Monday, September 26, 2011

Examining the failure of economic thinking

Mark Thoma is spot on in this passionate assessment of what ails the modern economic system,

"It's distribution, not production that has failed us over the last 30 or 40 years. We produce far more than we ever have, and we will continue to increase our ability to squeeze more and more out of the resources we have. We have the ability to produce enough stuff. But the distribution of the things we produce has been tilted toward the top. Instead of wages rising with productivity as our textbooks say they should, wages have stagnated and the rewards have gone elsewhere. Thus, while the pessimism of the past was about production not being able to keep up with population - many classical economists looked forward to a long-run outcome of a dismal, stationary state with most people struggling at subsistence wages - the pessimism of the present is driven largely by a failure of distribution. The haves get more and more, and the have nots get less and less even though overall output is rising... Pessimism about breaking through the wealth and power structures that stand in the way of change is understandable, as is the desire of the winners in our increasingly two-tiered society to keep the focus on growth rather than distribution."

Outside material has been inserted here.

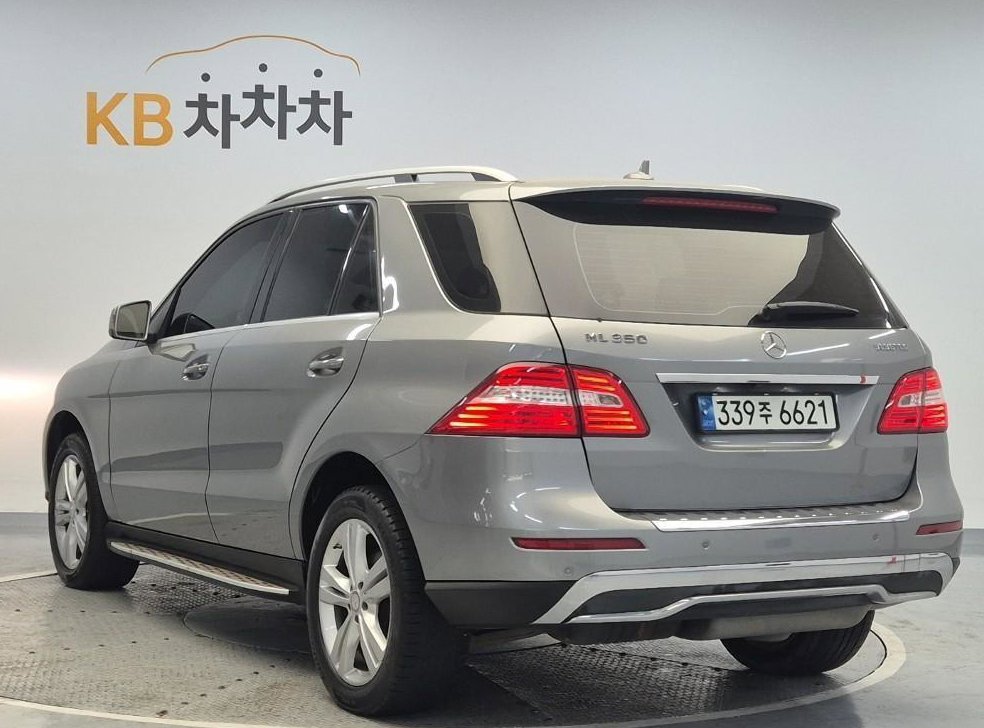 벤츠 M 클래스 ML350 블루텍 4매틱 사진 2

The remarkable achievements of the past few decades - rapid advances in information and communication technology, spectacular economic growth in emerging Asia etc - is confirmation of the fact that markets have allocated scarce resources very efficiently. But the growing evidence of failures and sufferings across the world is ample proof that market systems have failed to ensure fairness in allocation of these resources.

Fortunately, many of these market failures are the inevitable consequence of the process of efficient allocation of scarce resources and they can be atleast partially mitigated by appropriate public policy interventions and through formal and informal social and political institutions. Progressive taxation, social safety nets, subsidies and concessions, and institutionalized regulatory restraints are some of the commonplace policy options used to address such failures in distribution or achieve fairness in allocation. Political parties in democracies, social interest groups, trade unions etc have played significant role in creating an environment that promotes fairness in allocation.

Traditionally, governments have intervened, often very aggressively, with such policies to address failures in the fair distribution of resources. The vibrancy of social and political institutions have also played a major role in containing the excesses emerging from the dynamics of untrammelled free market. However, the disruptive socio-economic changes of the past couple of decades have unleashed forces which have considerably undermined the tenuous balance between efficiency and fairness.

As the concentration of economic power and resultant widening of economic inequality has accelerated spectacularly in recent years, many of these traditional checks and balances have either been dismantled wholesale or their strength considerably eroded. Across the world, thanks to the spectacular growth of financial market incomes, the past few years have seen the emergence of a class of uber-rich elite, whose economic power has found reflection in the traditional political institutions. In other words, economic power has spawned political power.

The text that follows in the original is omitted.